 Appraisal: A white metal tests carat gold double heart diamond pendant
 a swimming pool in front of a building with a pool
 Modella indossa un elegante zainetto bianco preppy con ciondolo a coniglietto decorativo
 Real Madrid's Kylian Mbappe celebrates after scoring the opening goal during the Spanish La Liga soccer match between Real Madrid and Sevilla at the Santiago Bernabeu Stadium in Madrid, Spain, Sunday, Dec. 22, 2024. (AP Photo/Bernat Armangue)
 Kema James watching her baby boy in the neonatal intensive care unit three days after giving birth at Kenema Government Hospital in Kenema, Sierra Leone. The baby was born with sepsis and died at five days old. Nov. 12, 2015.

==

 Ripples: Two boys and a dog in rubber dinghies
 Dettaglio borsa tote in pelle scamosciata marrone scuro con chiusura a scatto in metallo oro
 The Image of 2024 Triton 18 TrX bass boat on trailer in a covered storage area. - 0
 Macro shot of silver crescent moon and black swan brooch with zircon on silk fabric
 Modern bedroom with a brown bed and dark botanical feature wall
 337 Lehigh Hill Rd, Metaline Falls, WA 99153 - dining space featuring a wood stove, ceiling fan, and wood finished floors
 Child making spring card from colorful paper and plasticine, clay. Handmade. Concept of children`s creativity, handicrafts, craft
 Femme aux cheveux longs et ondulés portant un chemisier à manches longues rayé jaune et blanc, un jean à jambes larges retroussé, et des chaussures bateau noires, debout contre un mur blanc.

...

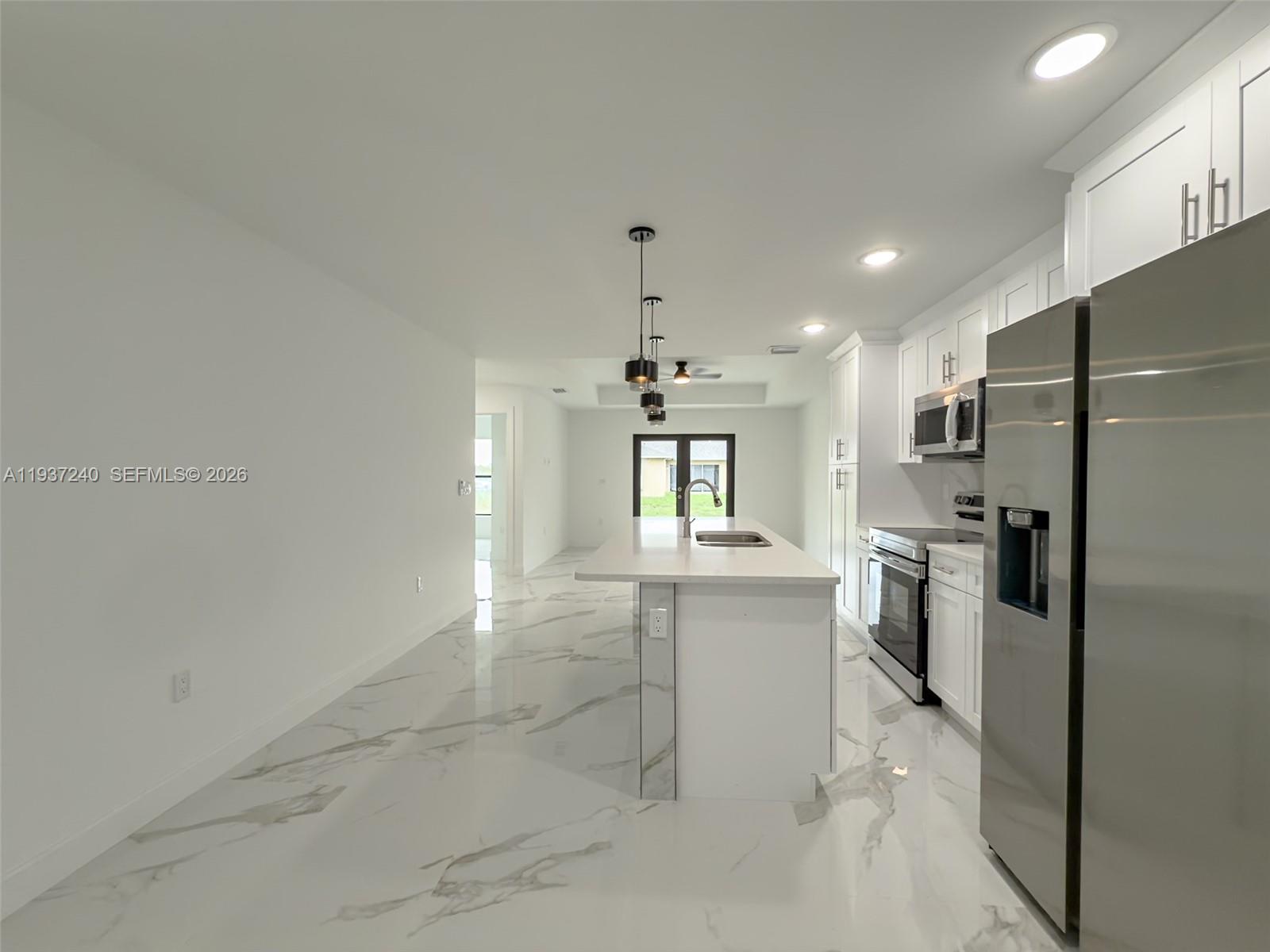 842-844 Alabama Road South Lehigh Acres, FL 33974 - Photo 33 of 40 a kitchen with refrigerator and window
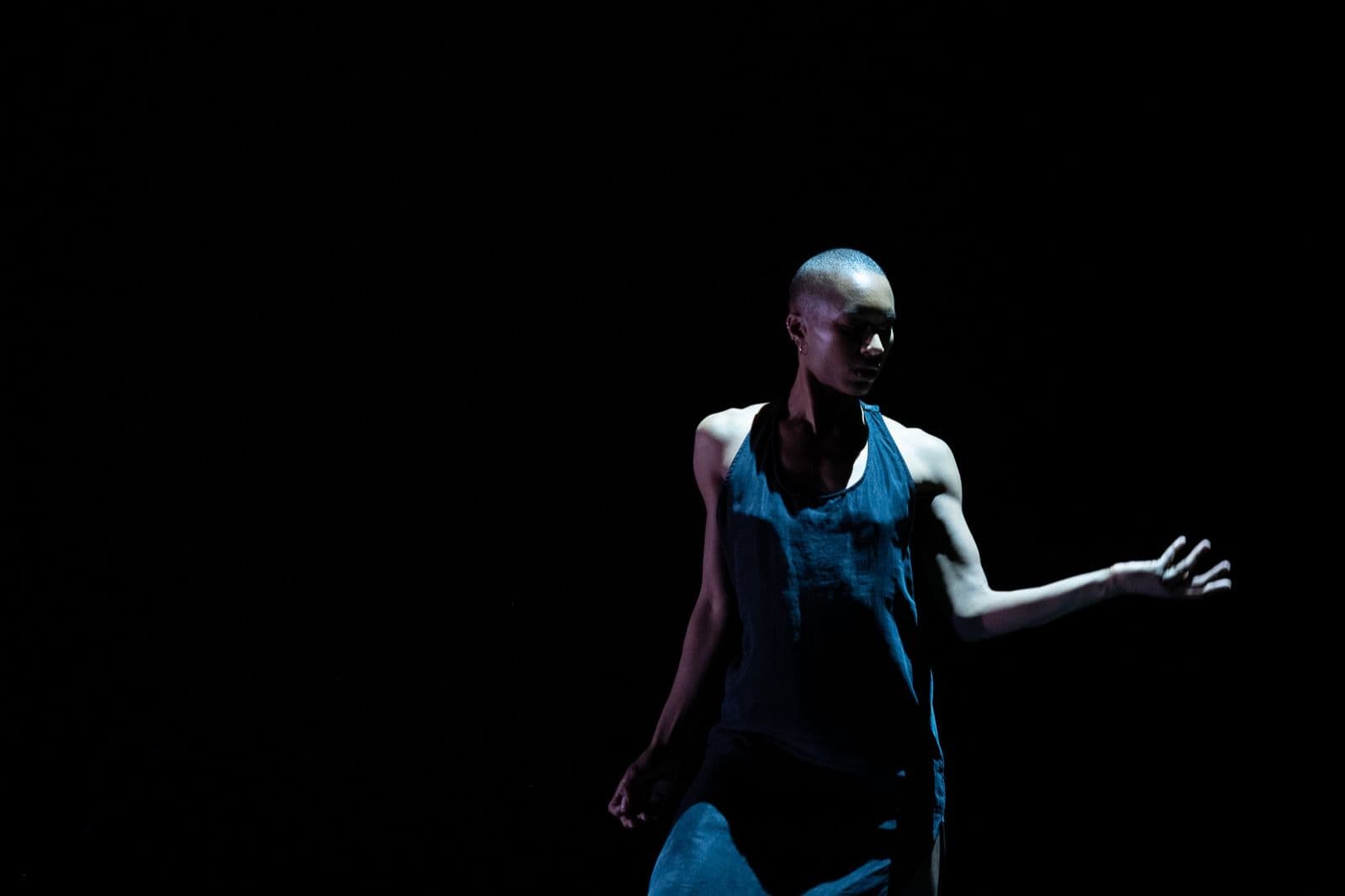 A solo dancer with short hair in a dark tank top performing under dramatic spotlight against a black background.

WHAT YOU NEED TO DO:
The lines above, starting at the one with "Child making spring" and ending at the one with "Femme aux cheveux", are the only ones to return, exactly as written.

EXERCISE RESPONSE:
 Child making spring card from colorful paper and plasticine, clay. Handmade. Concept of children`s creativity, handicrafts, craft
 Femme aux cheveux longs et ondulés portant un chemisier à manches longues rayé jaune et blanc, un jean à jambes larges retroussé, et des chaussures bateau noires, debout contre un mur blanc.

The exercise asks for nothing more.